Während sein Küchenmeister dort die Geschäfte führte, ging der Ritter auf Raubzug. Er war jetzt 31 Jahre alt und berüchtigt für seine Brutalität.

Schwarzer Ritter in Harsefeld (Zeichnung: urian)
In Harsefeld regierte seit fast 20 Jahren Arnold Bicker als Erzabt. Unter den katholisch gebliebenen Klöstern in Erzbischof Christophs Machtbereich war es das reichste. Das Klostergelände umfasste die Abtei, eine große und zwei kleine Kirchen, einen Gutshof mit den Wirtschaftsgebäuden, Wassermühle und Ziegelei, sowie Küche, Brauhaus und Backhaus, das Schlafhaus der Mönche und ein Krankenhaus.

Schwarzer Ritter in Harsefeld (Zeichnung: urian)
Wie es sich gehörte, hatte Joachim Pentz Fehdebriefe verschickt, in denen er seine Schuldner und deren Bürgen als ehrlose Gesellen und Erzschelme beschimpfte, mit Brand und Mord drohte und damit, ihnen Hände und Füße abzuhauen.
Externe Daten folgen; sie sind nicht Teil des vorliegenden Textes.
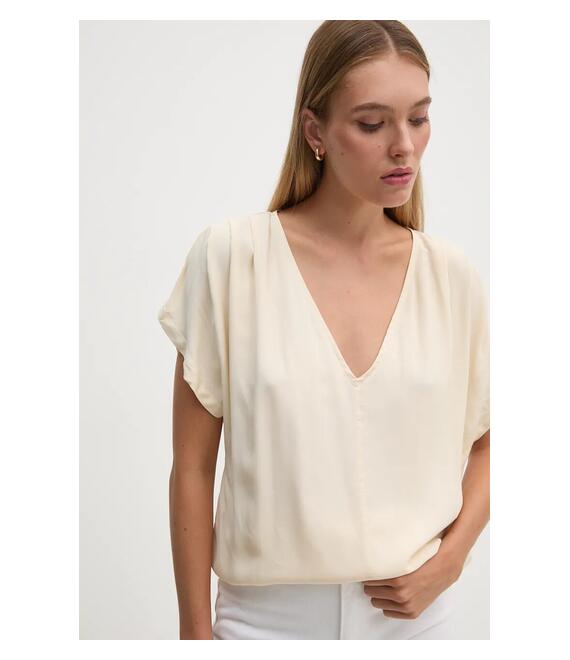 Μπλουζάκι United Colors of Benetton χρώμα: μπεζ, 5KPADQ0A9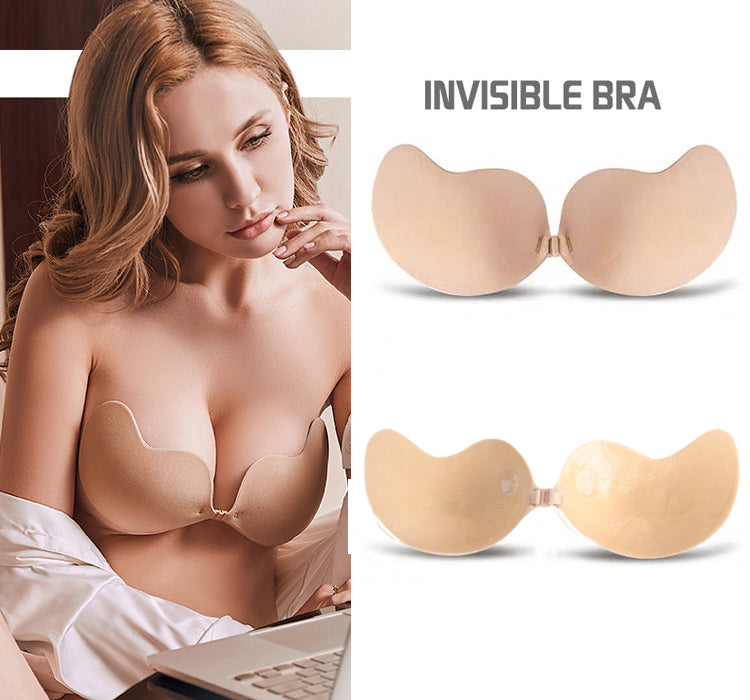 Dopheuor 2 Pack Self Adhesive Invisible Bra Push Up Backless Strapless Magic Sticky Bras for Women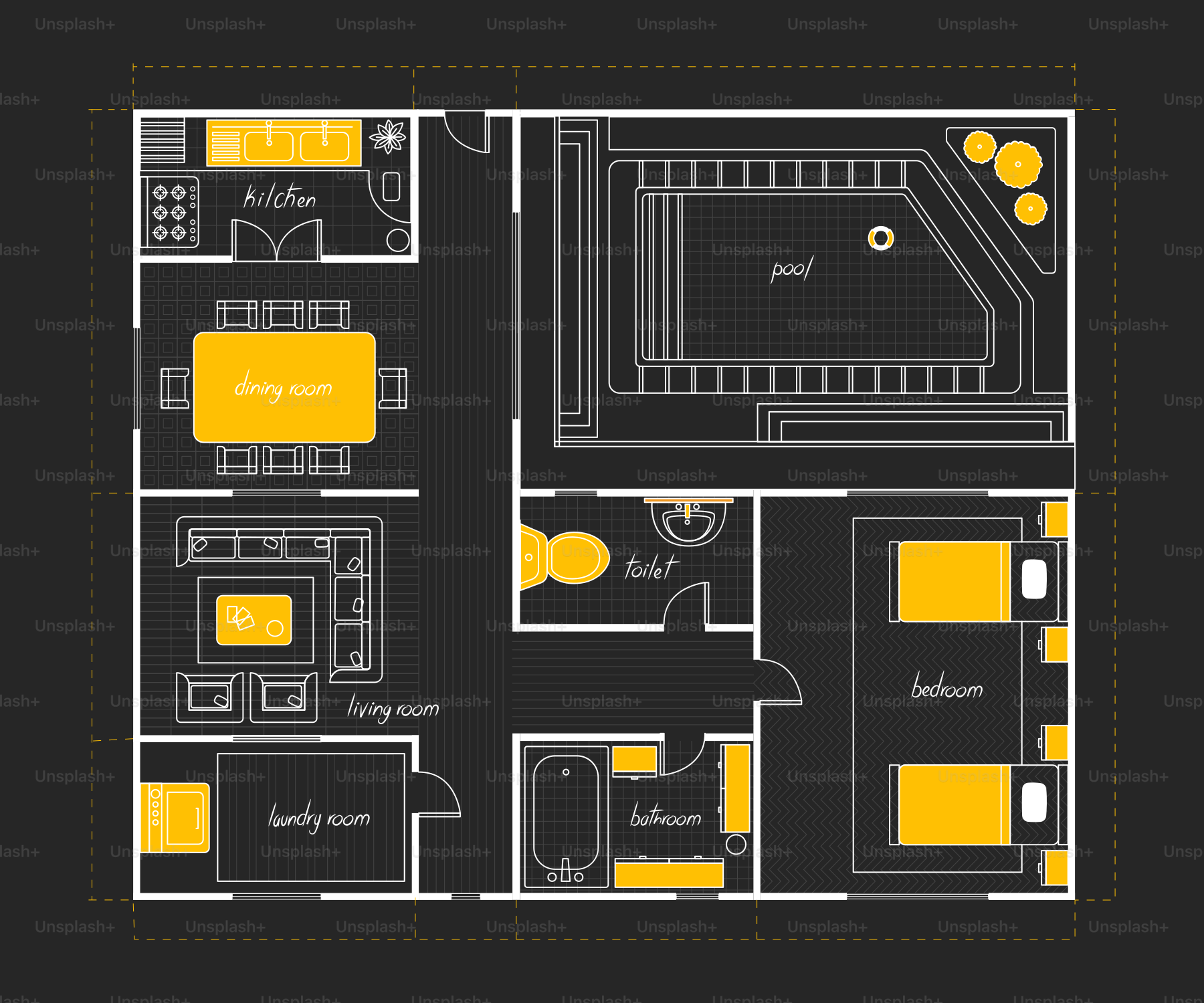 Ein Grundriss eines modernen Hauses mit Pool.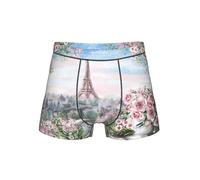 DUWAA Bella Torre Eiffel Parigi stampa slip morbido slip intimo con 3D a forma di U, tessuto traspirante biancheria intima uomo S-4XL, Nero , 4XL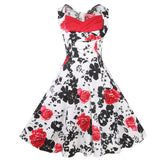 Retro White Floral Pleated Dress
Für einen Teil der Summe, die der Erzbischof dem Ritter schuldete, hatten sich die Pröpste von Altkloster, Neukloster und Osterholz verbürgt.

In Harsefeld sorgte man sich nicht. Schließlich unterstand man direkt dem Papst und zählte nicht zu den Untertanen des Erzbischofs. Doch an Harsefeld hielt sich Pentz, weil er dort die üppigste Beute erwarten durfte.

In der Nacht des 5. Januar 1545 pochte der Schwarze Ritter erstmals an das Klostertor. Ein Küchenjunge erwachte von dem Lärm. Aus dem Fenster erkannte er die vielköpfige Reiterschar an der Pforte und schlug Alarm.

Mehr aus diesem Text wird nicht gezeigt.